Really, we need our students to build the habit of reading as much as possible, as broadly as possible. They don’t just need to be confident in understanding, but in seeking out and ploughing through texts.

So what should we do to turbo-charge this process?

1) Skate, don’t slog🔗

Reading more, quickly, is sometimes better than reading less, slowly. There’s a time and a place for careful, close analysis of texts. But it’s easy to get bogged down in detail and miss the benefits that accrue for reading briskly and widely. The evidence is clear that readers get better the more reading they’re exposed to, even with tricky texts:

“Simply reading challenging, complex novels aloud and at a fast pace in each lesson repositioned ‘poorer readers’ as ‘good’ readers, giving them a more engaged uninterrupted reading experience over a sustained period.”

UKLA 2018

Let students skate along the surface. With practice, they’ll learn what they can and should skip over for the sake of fluency. Just be ready to dive in to rescue them if they slip through the thin ice into confusion.

2) Location, Location, Location🔗

Give students trusted sources they can draw from for their texts, and signpost them well. Libraries are the natural source for this in the physical realm, but it’s the digital that is the first port of call for most of our students. Train students early on about the sites they can trust - not just for their content but also the quality of their writing.

One of the best things I ever did as a trainee was start saving down digital versions of classic texts in a Google Drive. Now it functions as a one-stop-shop for my students (or, more often, their parents) looking for something to load up on the Kindle or tablet. Feel free to use it yourself - no library card required.

3) If it reads, it leads🔗

Expose students to as many types of text as you can find. The primacy of The Book in schools - particularly the novel - is easy to understand. It’s a discrete object, adaptable to a teaching unit, requiring little to no secondary sources to access and often following structures even the least confident of readers can innately understand. But it’s only one of a myriad of different text types that students will encounter in their lives (and one that many adults happily ignore).

aside Wherever you can, experiment with different text types. Articles, ad campaigns, tweets: if it’s got words, give it a go.
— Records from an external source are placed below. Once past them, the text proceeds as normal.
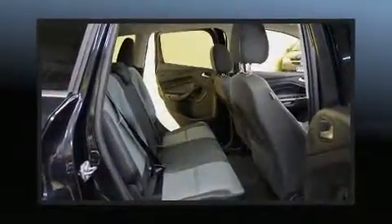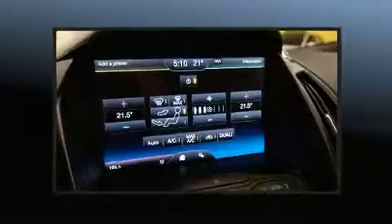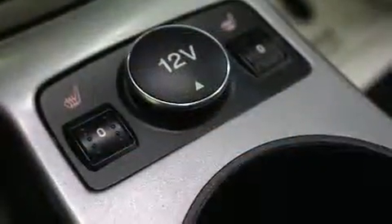Top features include remote keyless entry, adjustable headrests in all seating positions, heated seats, fully automatic headlights, and power windows.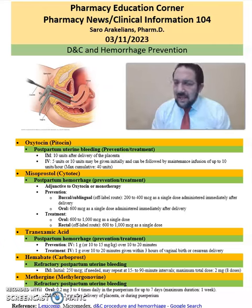Good afternoon, everyone. This is Sara Arakanansi, your clinical pharmacist. When it comes to DNC procedure and hemorrhage prevention, you have some medication options. I want to go over these medication options with you, especially for DNC procedure and hemorrhagic situations prevention.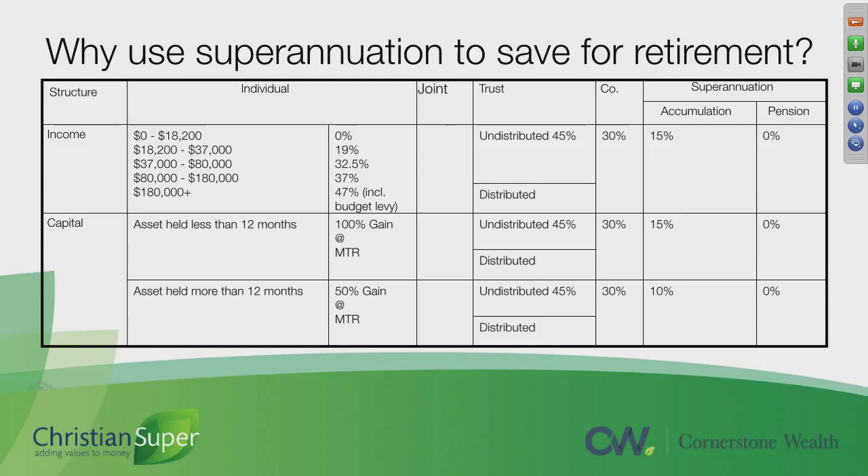So you can invest in individual names, joint names, within a trust, a company, and in superannuation. With superannuation, it's divided into two phases: the accumulation phase and the pension phase.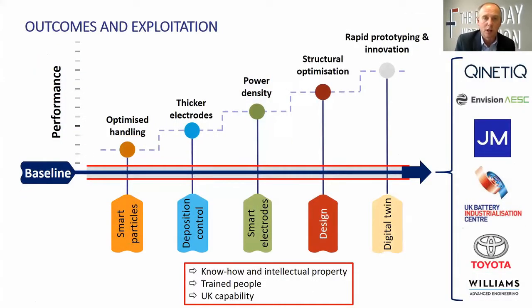So where are we hoping to get to? We're hoping to build off our baseline a whole series of performance improvements — not just battery improvements but manufacturing improvements too, and the two go hand in hand. Smart particles might lead to optimised handling which will improve some measure of performance. Deposition control may allow us to make thicker electrodes that don't compromise our power. Our new smarter manufacturing processes will allow us to optimise materials and recover power density. And then this design intent — rather than trial and error — is saying: for any given set of performance requirements and materials, what is the best way to arrange them in the electrode? Using our digital twin running through the project, we're learning how to scale those insights up to the production scale, producing new know-how, intellectual property, and a pipeline of trained people for the UK battery industry.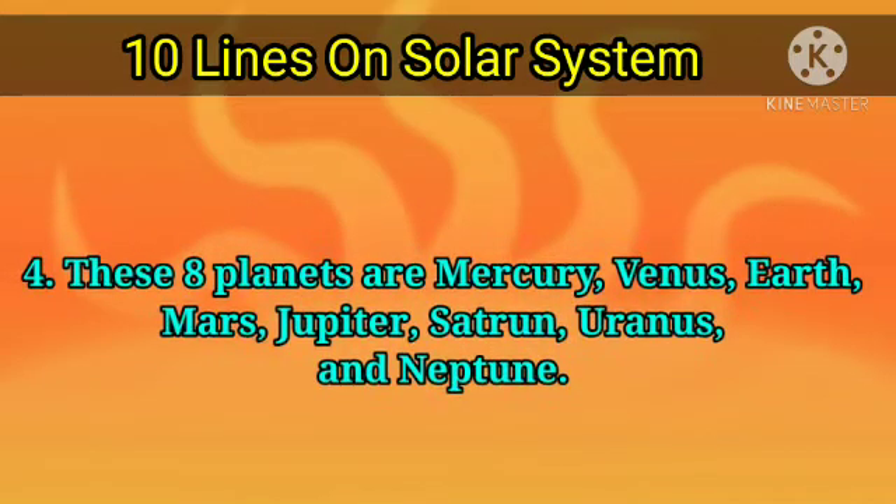These eight planets are Mercury, Venus, Earth, Mars, Jupiter, Saturn, Uranus, and Neptune.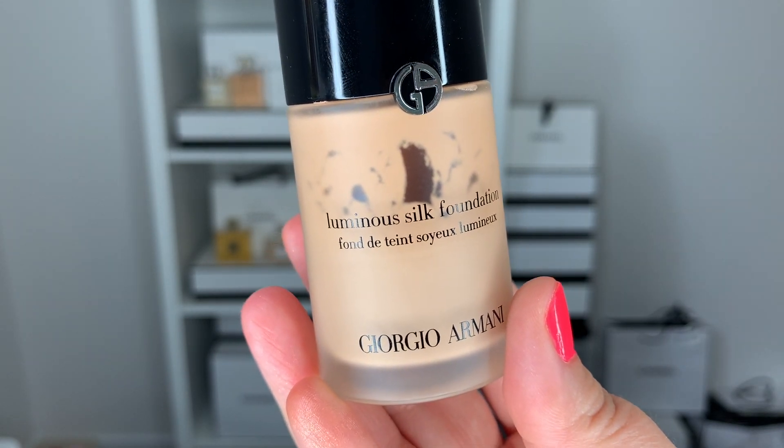Moving on to foundation — this is the Armani Luminous Silk Foundation in shade 5.5. I have made quite some headway; you can see through the bottle where there's basically product only down to the bottom portion. I slowed down a little because I bought a couple of new foundations this summer and prefer really light coverage in the summer. But in three months I will definitely finish this up or be incredibly close. I'm just so happy to finally be finishing these up.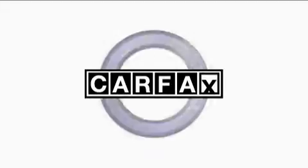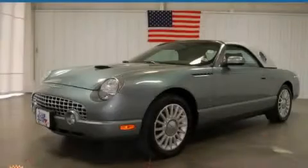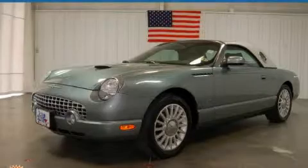This Ford has had only one owner and it qualifies for the Carfax buyback guarantee. Contact us today and schedule your opportunity to see this vehicle in person.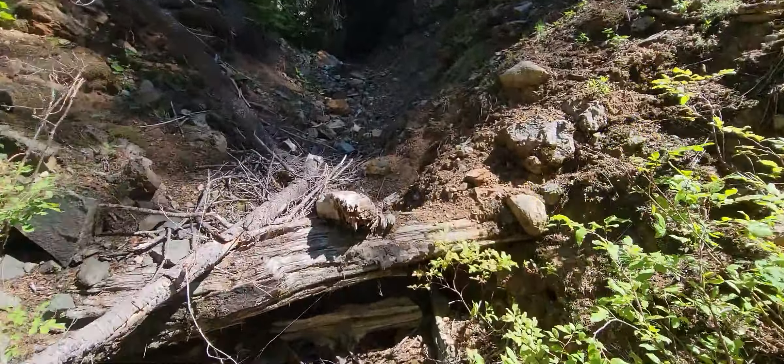Regardless, it's a beautiful area to come and explore. We'll see you further up the trail.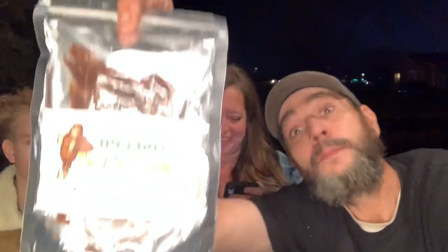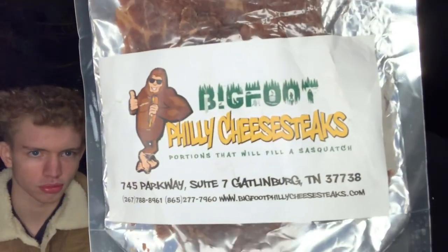Welcome to the vlog! Today we're going over this here Bigfoot Philly Cheesesteaks beef jerky. If you haven't seen the four for ten tacos video, there will be a link in the description. This is an establishment in Gatlinburg, Tennessee called Bigfoot Philly Cheesesteaks.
Our introduction to Macbeth has everything from cartoons, to private letters, to Guy Fawkes’s tortured signature, all before they read a word of Shakespeare’s folio.

This medium-agnostic approach not only builds students’ confidence and fluency, but also breaks down the notion that Reading-with-a-capital-R is something confined to the English classroom, between the A5 covers of a Book.

If students can learn that ‘to read’ is as much a passive skill as an active one, they’ll be well equipped to face the word-flood of the modern world.

And - much more importantly - they might even learn the word that catches me out.

Until then, the dictionary duel continues.